-- Opening Marker --

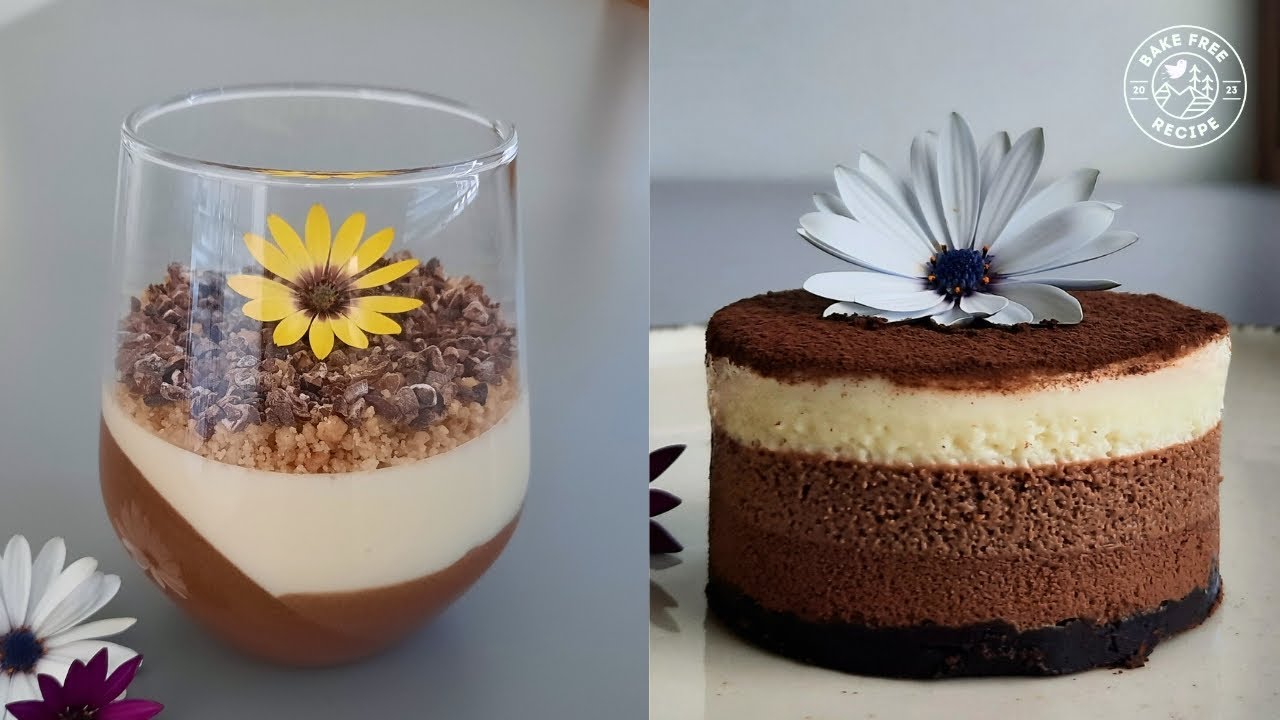 Gluten Free Triple Layer Vegan Chocolate Mousse Cake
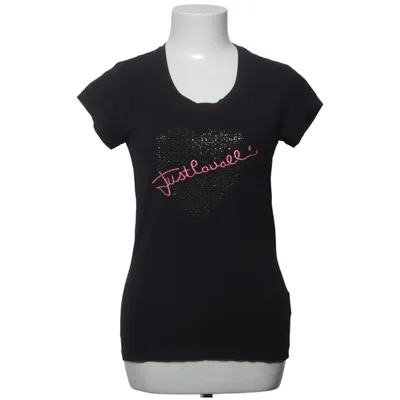 T-shirt (Black) from Just Cavalli Cotton, Elastane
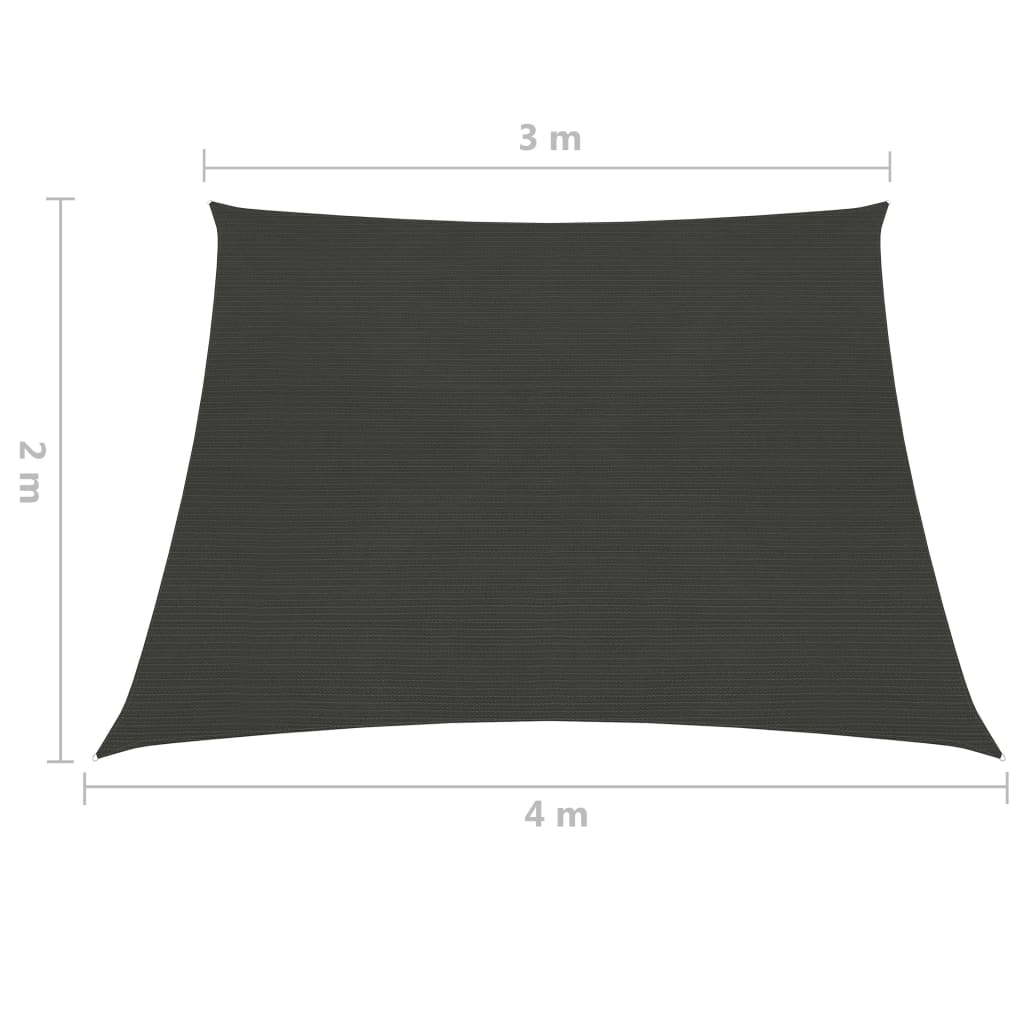 Aurinkopurje 160 g/m² antrasiitti 3/4x2 m HDPE - Sisustajankoti.fi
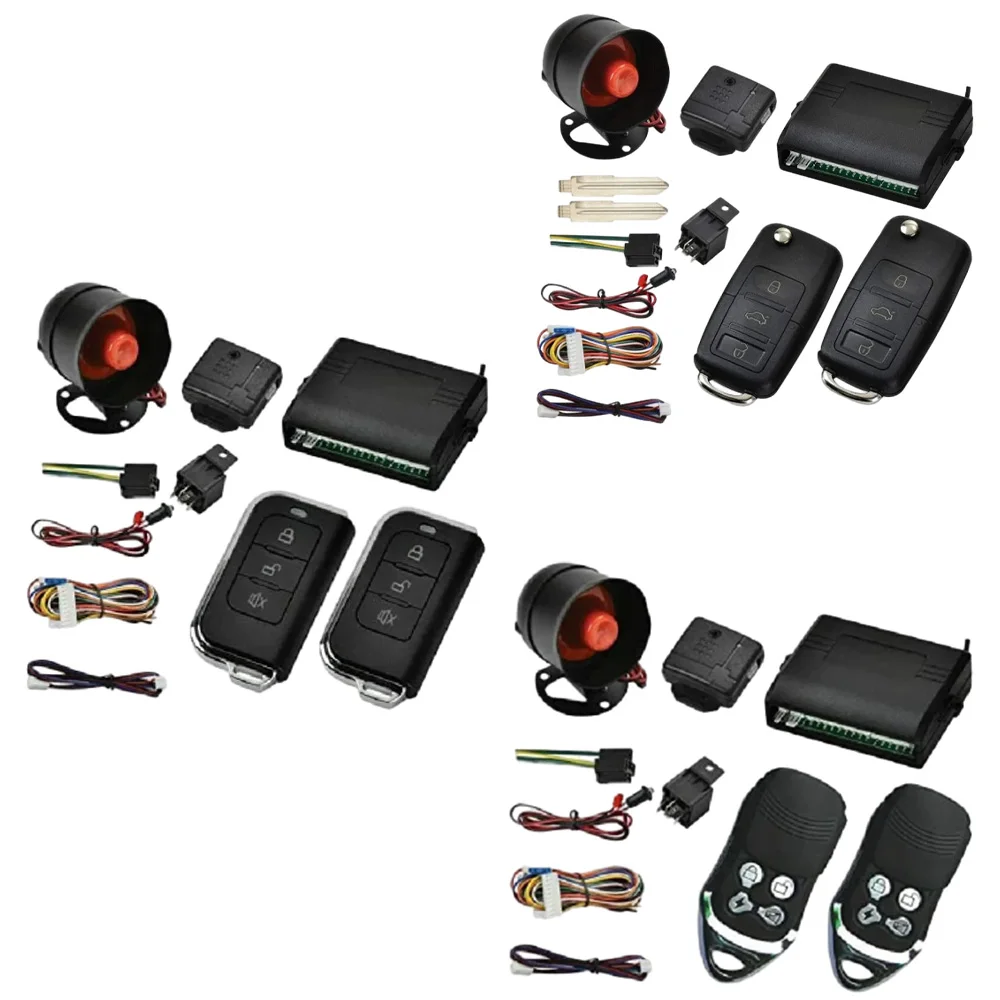 Universal Car Remote Alarm Door Locking System Kit Car Keyless Entry System Kit with 2 Remote Controllers System Car Accessorie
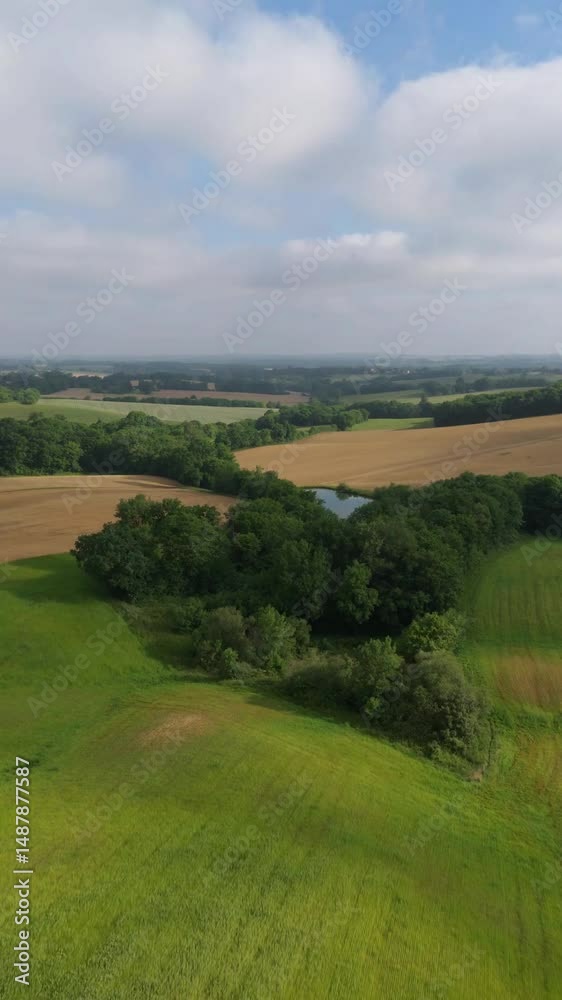 Avancée verticale sur la campagne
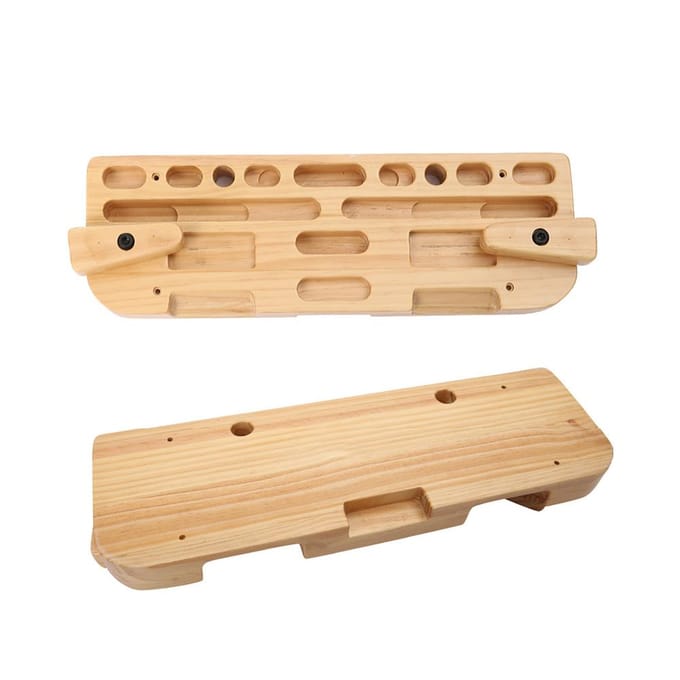 Klimgreep Trainer Hangboard Rotsklimmuur Klimgrepen Vingerbord voor Effectief geel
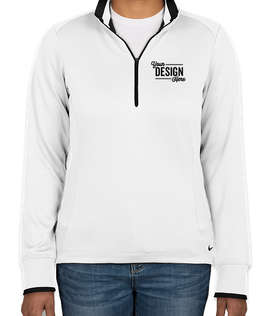 Nike Women's Dri-FIT Half Zip Performance Pullover - Color: White / Black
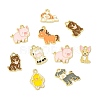 40Pcs 8 Styles Zinc Alloy Enamel Pendants FIND-CJ0004-47-8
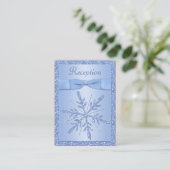 Ice Blue Snowflake Enclosure Card (Standing Front)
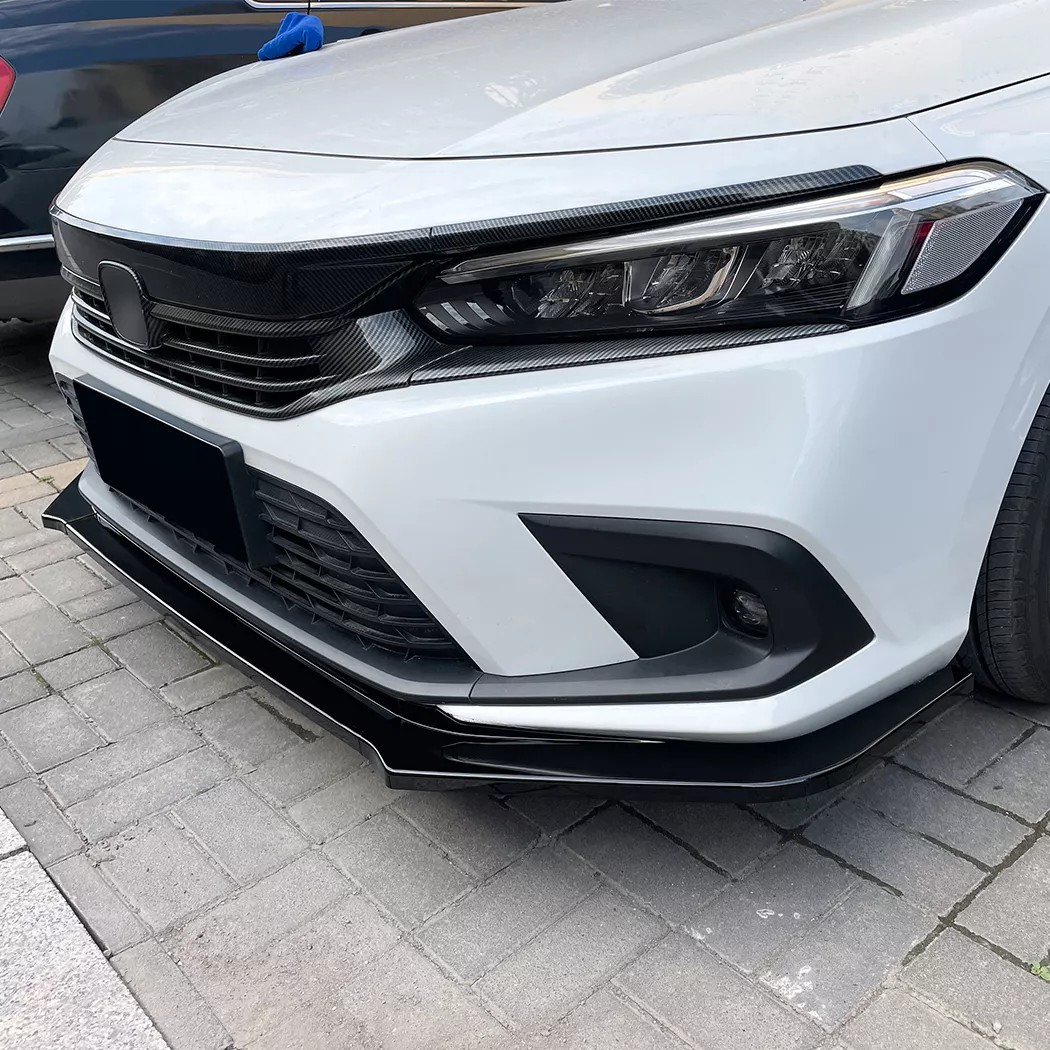 Front Bumper Lip Splitter for Honda Civic 11th Gen Series 2021+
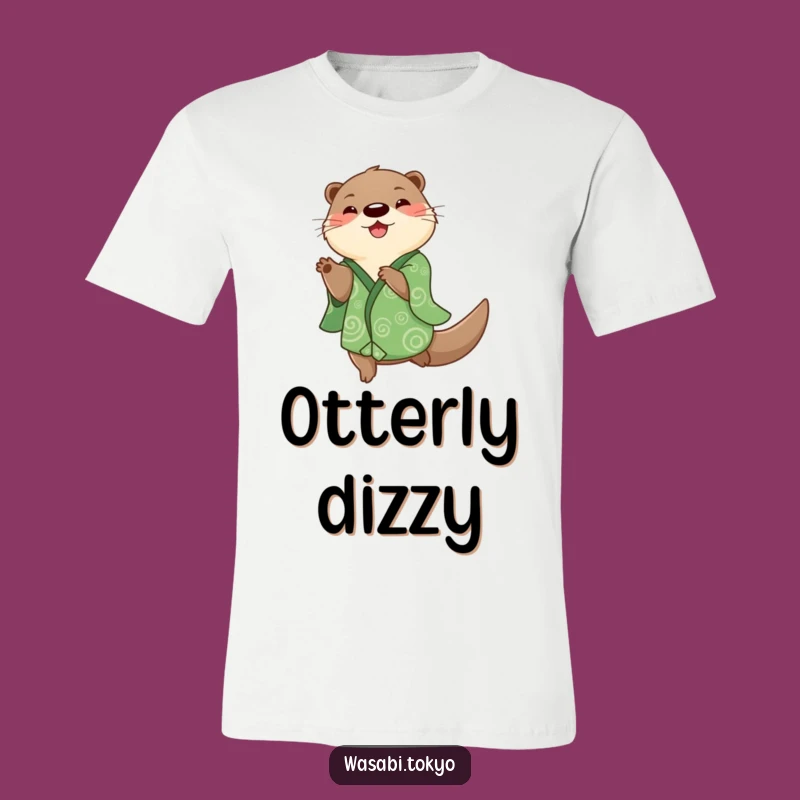 Funny Otter Kimono Spin T-Shirt - Energetic Style for a Perfect Gift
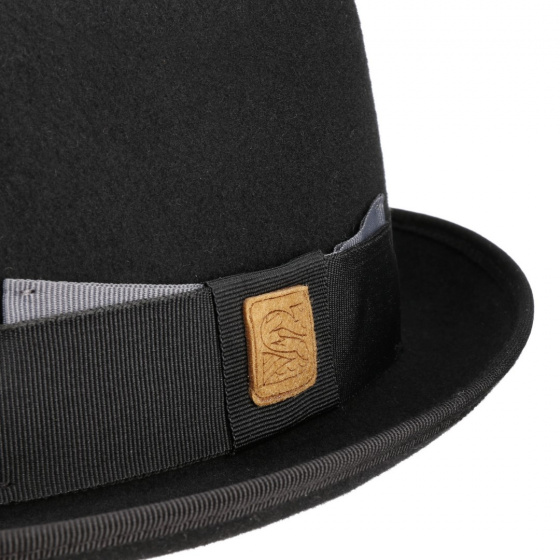 Chapeau Porkpie Diamond Card Noir - Stetson x Feebles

-- Closing Marker --

-- Instructions for the task --
Beginning with the line where "Universal Car Remote" appears, transcribe the records above word for word through their last line, and include no pictures.

-- Task answer --
 Universal Car Remote Alarm Door Locking System Kit Car Keyless Entry System Kit with 2 Remote Controllers System Car Accessorie
 Avancée verticale sur la campagne
 Klimgreep Trainer Hangboard Rotsklimmuur Klimgrepen Vingerbord voor Effectief geel
 Nike Women's Dri-FIT Half Zip Performance Pullover - Color: White / Black
 40Pcs 8 Styles Zinc Alloy Enamel Pendants FIND-CJ0004-47-8
 Ice Blue Snowflake Enclosure Card (Standing Front)
 Front Bumper Lip Splitter for Honda Civic 11th Gen Series 2021+
 Funny Otter Kimono Spin T-Shirt - Energetic Style for a Perfect Gift
 Chapeau Porkpie Diamond Card Noir - Stetson x Feebles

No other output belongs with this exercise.